Re: geo replication, invalid slave name and gluster 3.5.1

Stefan Moravcik <smoravcik@xxxxxxxxxxxxxx> · Tue, 22 Jul 2014 08:53:40 +0200

    Hello,

    I have deleted all the /var/lib/glusterd files and directories on
    slave and did all the steps once again and it worked... I was not
    able to replicate the problem with faulty slave anymore... 

    I am not sure what was the problem but I think it was one of the old
    steps from previous geo documentations. Maybe a value in the config
    that broke the status and the replication... So after a clean up and
    doing everything from scratch, the new documentation worked well...
    Thanks again

    Best regards,

    Stefan

    On 17/07/14 13:18, Aravinda wrote:

      On 07/16/2014 02:20 PM, Stefan
        Moravcik wrote:

        Hello Vishwanath,

        thanks for pointing me to right direction... This was helpful...
        I thought the password less ssh connection was done from
        glusterfs using the secret.pem in the initial run.. But wasn't..
        I had to create the id_rsa in the /root/.ssh/ directory to be
        able to ssh to slave without any -i option...

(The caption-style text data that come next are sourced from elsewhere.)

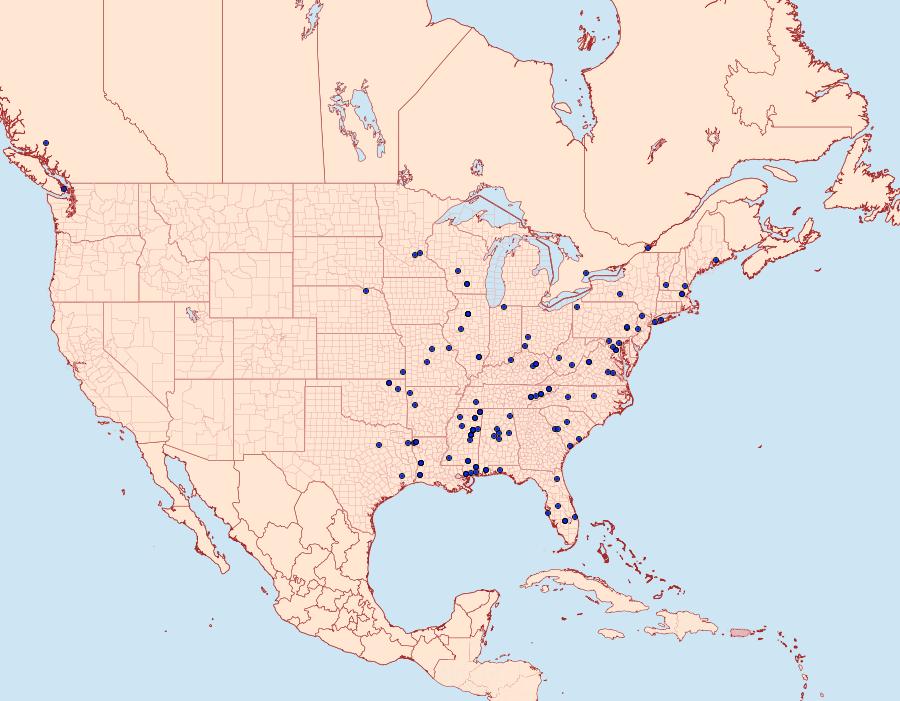 Distribution Data for Decantha boreasella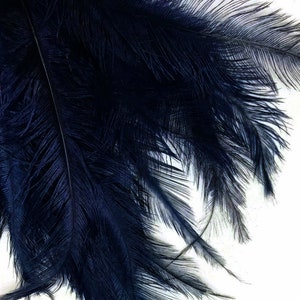 Ostrich Feathers, 20 Pieces 12-18 Navy Blue Mini Ostrich Spads Chick Body Feathers Halloween Costume Centerpieces : 3389 image 2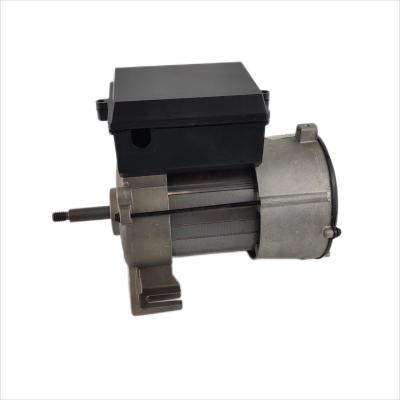 China 0.75hp Electric Water Pump Motor Single Phase 10 Frame 208-230V For Bathtub Pump for sale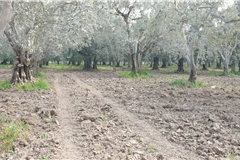 GM3254  BURSA İZNİKTE 413 M2 HİSSELİ TARLA 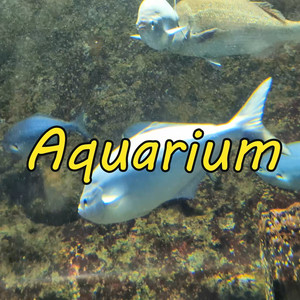 Aquarium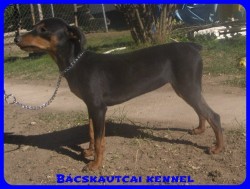 Bcskautcai Elza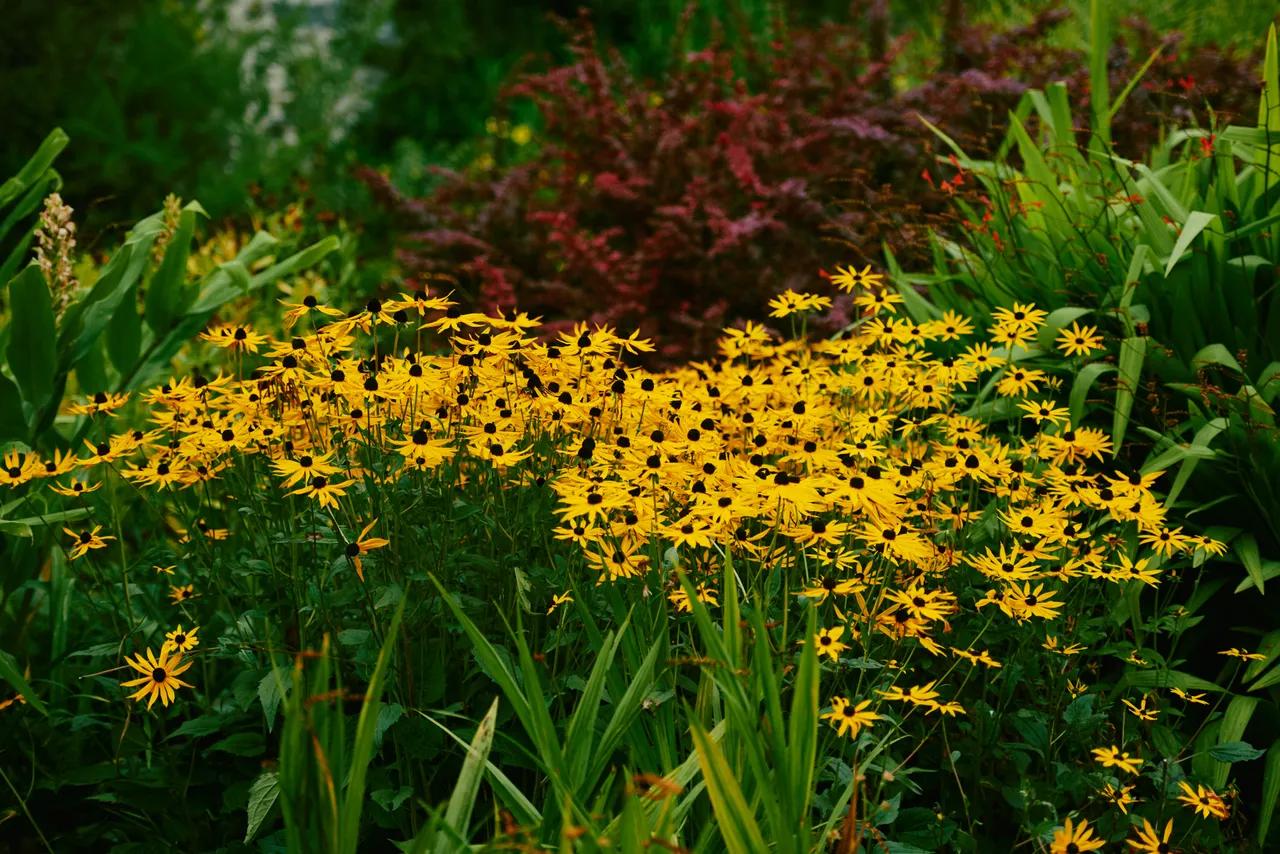 Bodnant Garden Centre, Snowdonia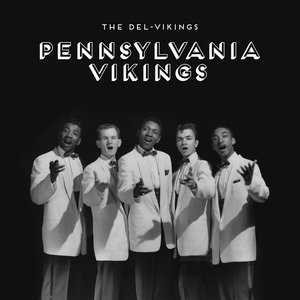 Image for 'The Pennsylvania Vikings'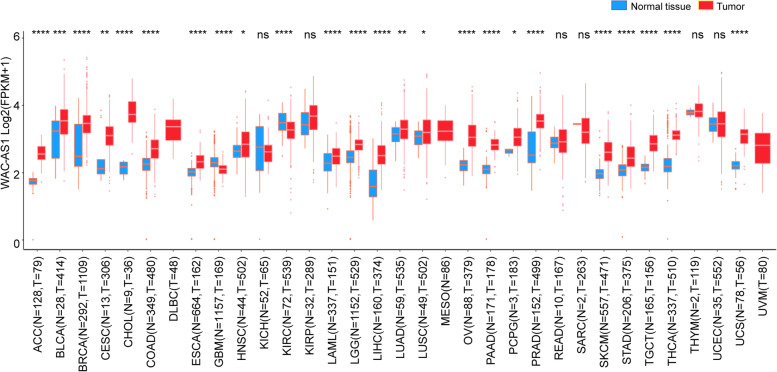 PMC10227977 – Fig1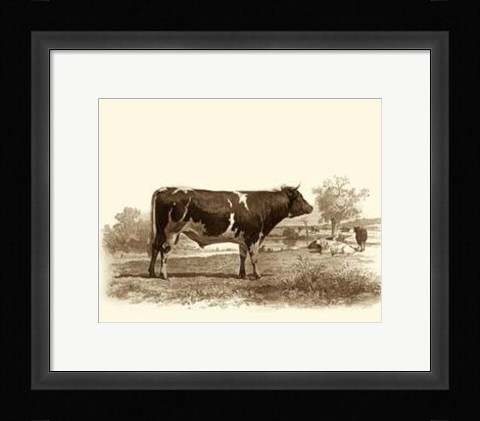 Framed Bovine IV Print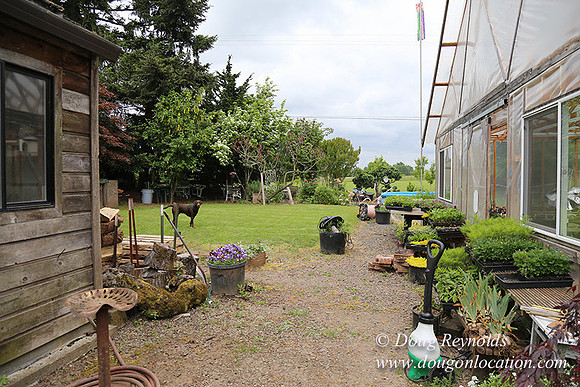 Shere's Garden Flowers & produce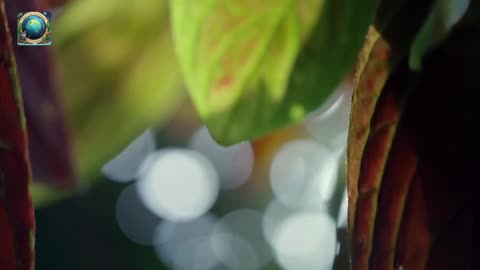Sneaky Hummingbirds Steal Nectar From Flowers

        Great, thanks for that... However i have additional question...
        Again little bit different to the previous ones... This seems
        like a bug to me.. But you for sure will know better.

        After I created the geo-replication volume and i started it..
        everything looked Ok and successful. Then i looked in the status
        command and got this

        MASTER NODE                  MASTER VOL    MASTER BRICK         
        SLAVE                           STATUS    CHECKPOINT STATUS   
        CRAWL STATUS        

---------------------------------------------------------------------------------------------------------------------------------------------

        1.1.1.1    myvol1    /shared/myvol1    1.2.3.4::myvol1_slave   
        faulty    N/A                  N/A                 

        1.1.1.2    myvol1    /shared/myvol1    1.2.3.4::myvol1_slave   
        faulty    N/A                  N/A                 

        1.1.1.3    myvol1    /shared/myvol1    1.2.3.4::myvol1_slave   
        faulty    N/A                  N/A

        when i checked the config file there is 

        remote_gsyncd: /nonexistent/gsyncd 

        i even tried to create symlinks for this but faulty status has
        never gone away... Found a bug report on bugzilla https://bugzilla.redhat.com/show_bug.cgi?id=1105283

      Update conf file manually as following and stop and start the
      geo-replication.(Conf file location:
      /var/lib/glusterd/geo-replication/<MASTER VOL>_<SLAVE
      IP_SLAVE VOL>/gsyncd.conf)

      remote_gsyncd = /usr/libexec/glusterfs/gsyncd

      Let us know if this resolves the issue.

      --

      regards

      Aravinda

      http://aravindavk.in

        [2014-07-16 07:14:34.718718] E
        [glusterd-geo-rep.c:2685:glusterd_gsync_read_frm_status] 0-:
        Unable to read gsyncd status file

        [2014-07-16 07:14:34.718756] E
        [glusterd-geo-rep.c:2999:glusterd_read_status_file] 0-: Unable
        to read the statusfile for /shared/myvol1 brick for 
        repository(master), 1.2.3.4::myvol1_slave(slave) session

        However since the symlink is in place the error message above
        won't show in the log.. Actually there are no more error logs
        just faulty status...

        Even more interesting. When i changed the configuration from
        rsync to tar+ssh it synced the files there, but will not
        replicate any changes or new files created.... 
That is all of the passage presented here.